The Union was created in August 1898, in Morlaix, following festivals devoted to Breton culture. It was chaired by Anatole Le Braz, with the Marquis de Estourbeillon. François Vallée was named president of the section dedicated to Breton language and literature, with François Jaffrenou as secretary. Other important figures were the writers Alphonse de Chateaubriant, Louis Tiercelin and Charles Le Goffic. The photographer and publisher Émile Hamonic was also a member.
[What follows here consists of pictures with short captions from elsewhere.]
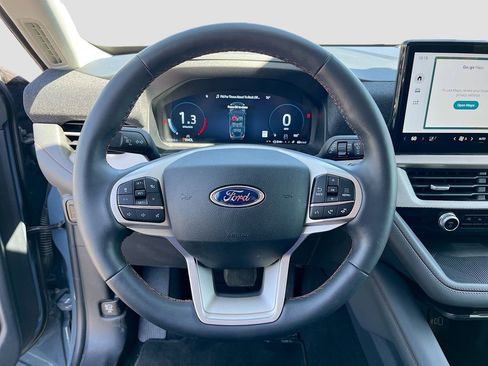 Used 2025 Ford Explorer Active w/ Active Comfort Package AWD/4WD image 11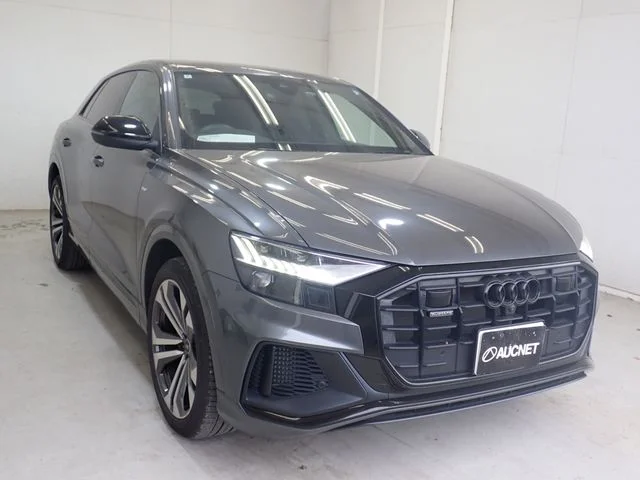 Audi AUDI Q8 55　TFSI　クワトロ　Sライン photo 4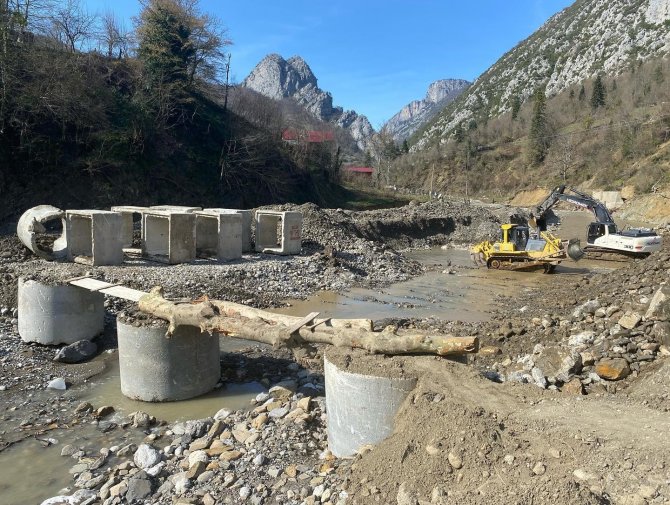 Kastamonu’da Vatandaşların Mahsur Kaldığı Köyde Çalışma Başlatıldı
Sympathisers, if not supporters, included the politician Albert de Mun, the poet and art critic Jean Le Fustec, the linguist and grammarian François Vallée, the composer Louis Bourgault-Ducoudray, the singer Théodore Botrel, the scholar Rene de Kerviler, the composer Guy Ropartz and many others.

The prominent position held by the nobility and the clergy quickly alienated some of the more radical members and led to the foundation of the alternative Association des bleus de Bretagne (Blues of Brittany) in 1899, which had a more liberal-progressive agenda. Nevertheless, the two groups were never in open conflict. Le Braz was a member of both.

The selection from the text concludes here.